The line with "Kick Trump Out Unh Vote T-Shirt" starts the range, and the last line of the listing ends it. Retype that range exactly, without pictures.

Supplied entries Block Start

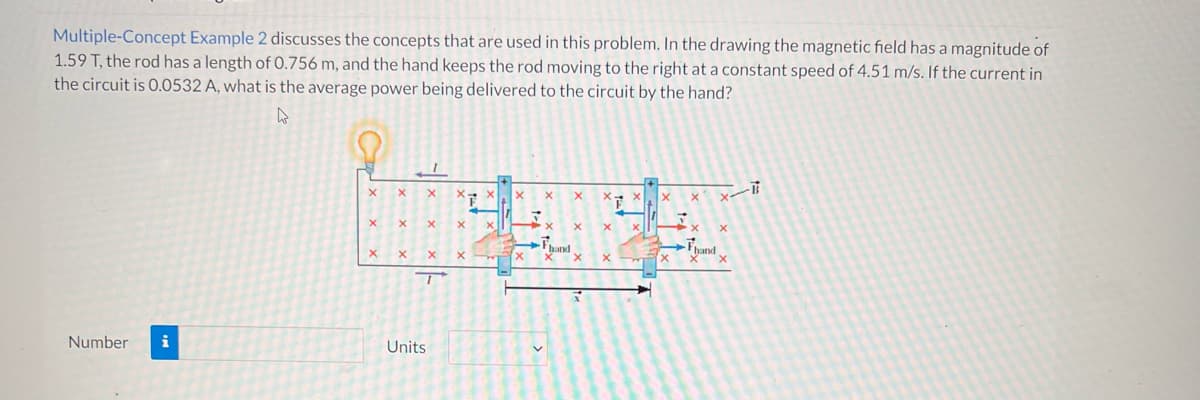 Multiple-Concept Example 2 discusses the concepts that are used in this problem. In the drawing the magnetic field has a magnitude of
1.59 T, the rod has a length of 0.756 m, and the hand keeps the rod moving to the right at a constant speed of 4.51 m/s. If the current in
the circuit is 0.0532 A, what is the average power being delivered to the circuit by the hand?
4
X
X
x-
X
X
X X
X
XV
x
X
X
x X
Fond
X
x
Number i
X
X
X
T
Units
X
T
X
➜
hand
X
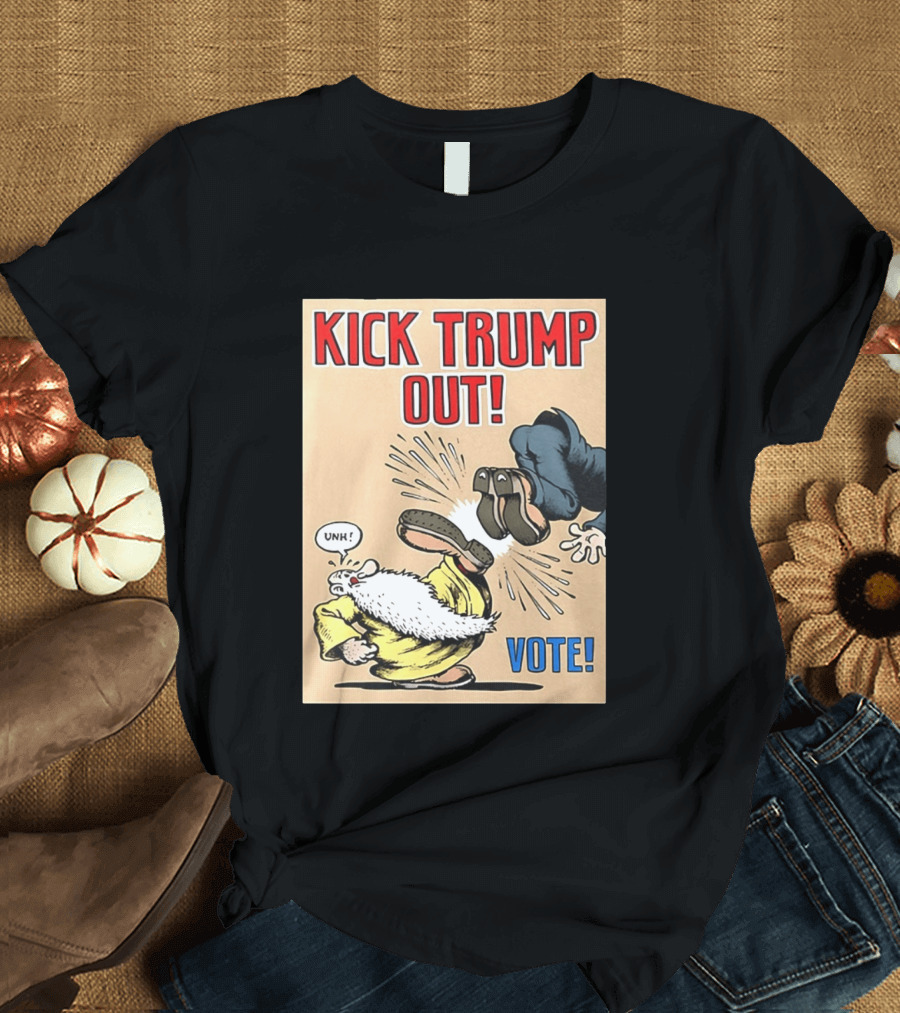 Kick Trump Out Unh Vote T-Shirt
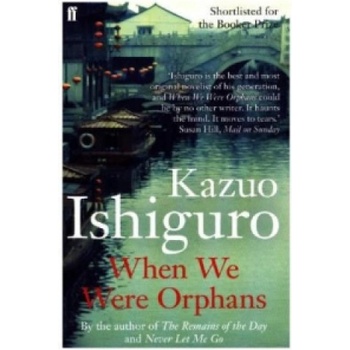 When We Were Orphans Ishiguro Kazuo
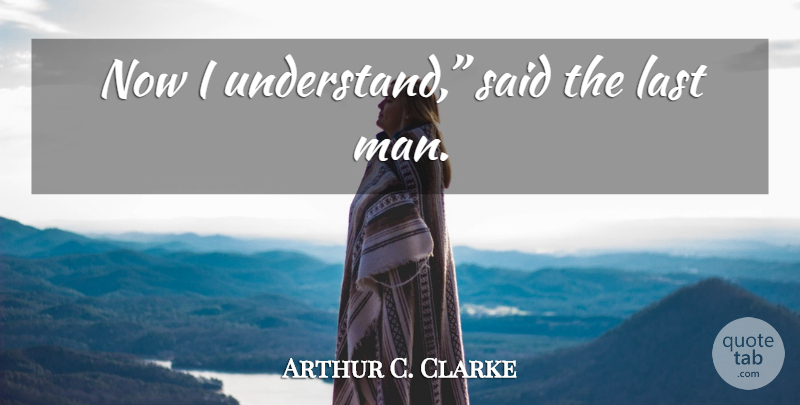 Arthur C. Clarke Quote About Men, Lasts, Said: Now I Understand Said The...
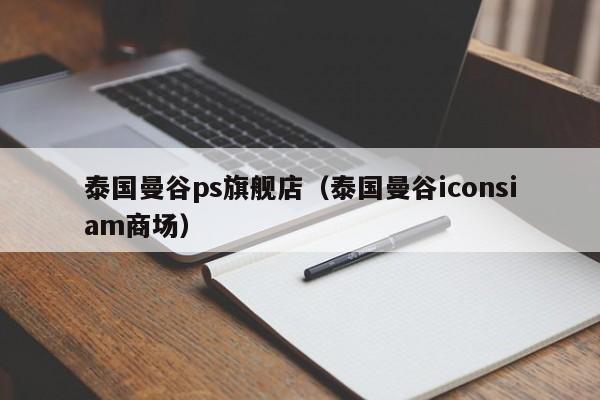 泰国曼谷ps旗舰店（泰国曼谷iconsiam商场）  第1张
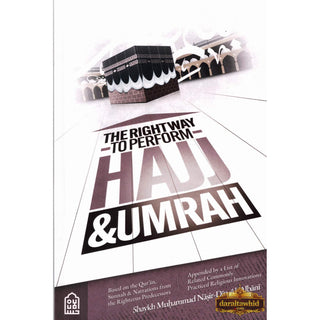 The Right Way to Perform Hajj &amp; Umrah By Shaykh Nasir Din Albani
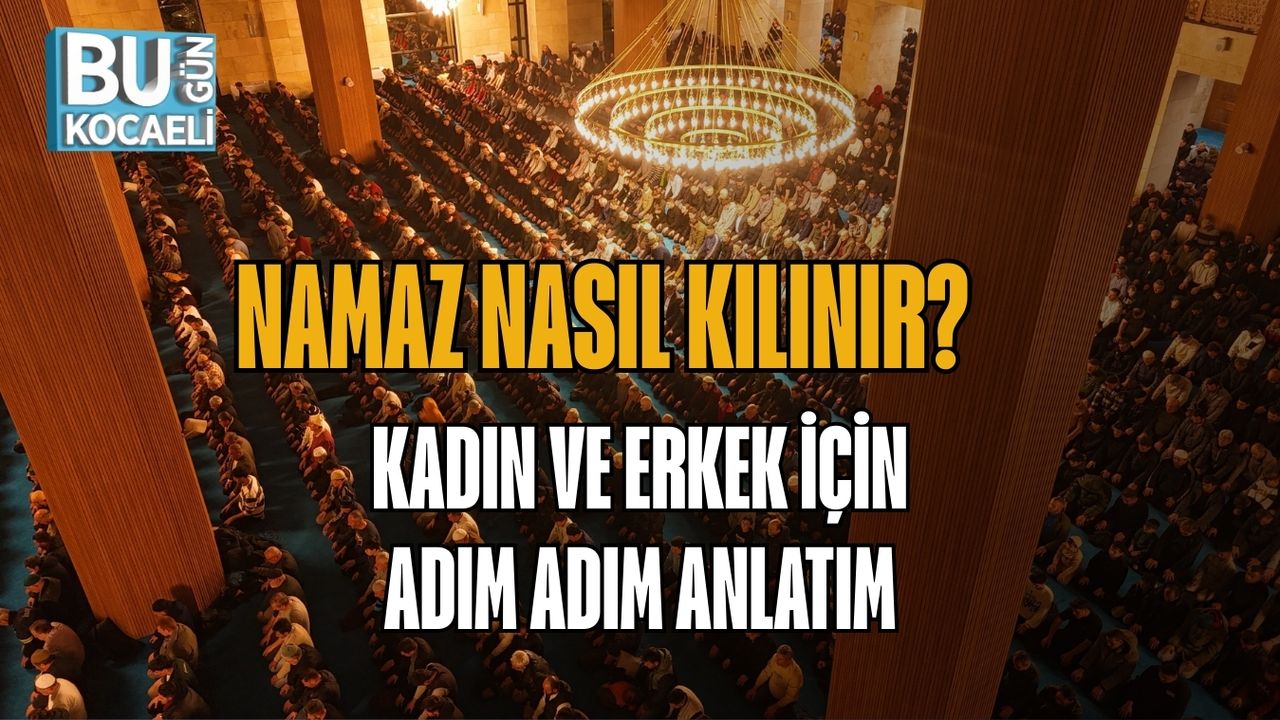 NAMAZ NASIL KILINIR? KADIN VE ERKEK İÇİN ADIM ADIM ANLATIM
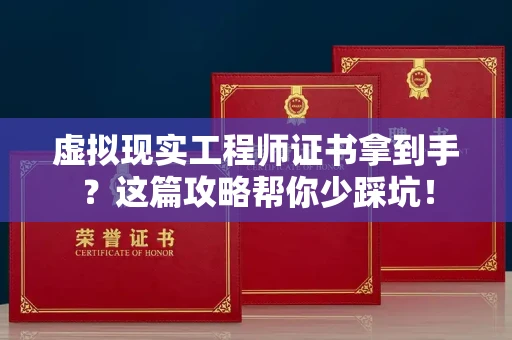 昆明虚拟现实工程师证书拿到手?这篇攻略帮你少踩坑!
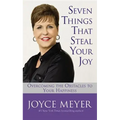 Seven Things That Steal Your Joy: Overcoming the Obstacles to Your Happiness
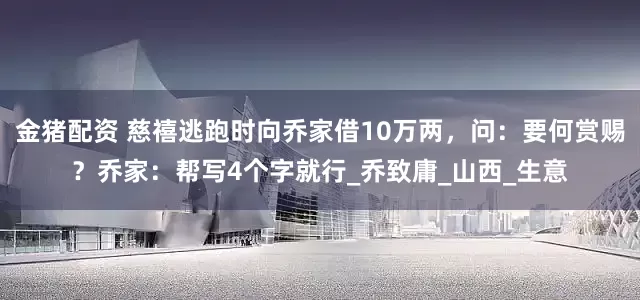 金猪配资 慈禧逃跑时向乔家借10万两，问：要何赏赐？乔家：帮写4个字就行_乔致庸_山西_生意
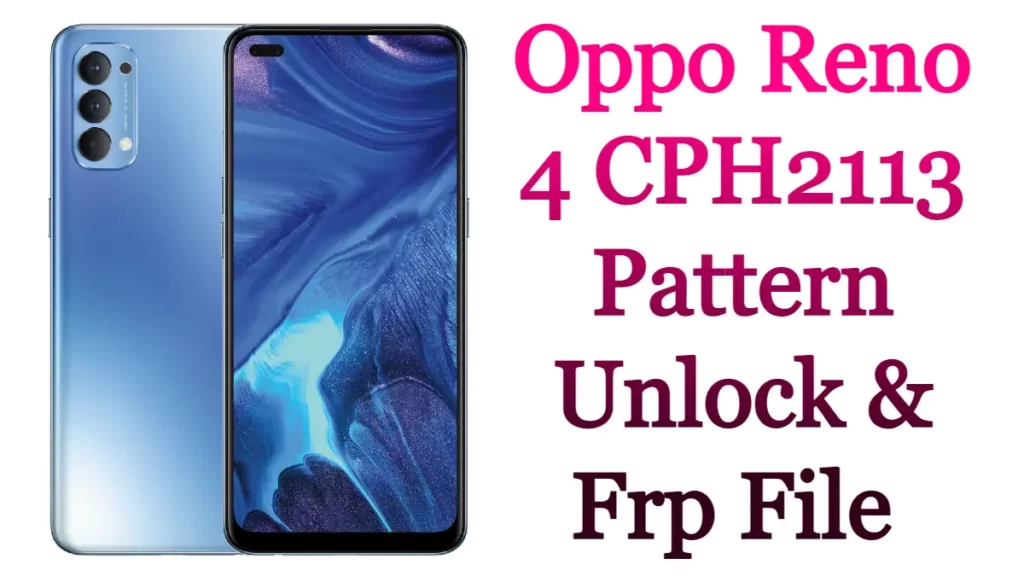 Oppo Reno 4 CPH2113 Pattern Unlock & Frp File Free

Supplied entries Block End

▸ Solution to the problem:
 Kick Trump Out Unh Vote T-Shirt
 When We Were Orphans Ishiguro Kazuo
 Arthur C. Clarke Quote About Men, Lasts, Said: Now I Understand Said The...
 泰国曼谷ps旗舰店（泰国曼谷iconsiam商场）  第1张
 The Right Way to Perform Hajj &amp; Umrah By Shaykh Nasir Din Albani
 NAMAZ NASIL KILINIR? KADIN VE ERKEK İÇİN ADIM ADIM ANLATIM
 昆明虚拟现实工程师证书拿到手?这篇攻略帮你少踩坑!
 Seven Things That Steal Your Joy: Overcoming the Obstacles to Your Happiness
 金猪配资 慈禧逃跑时向乔家借10万两，问：要何赏赐？乔家：帮写4个字就行_乔致庸_山西_生意
 Oppo Reno 4 CPH2113 Pattern Unlock & Frp File Free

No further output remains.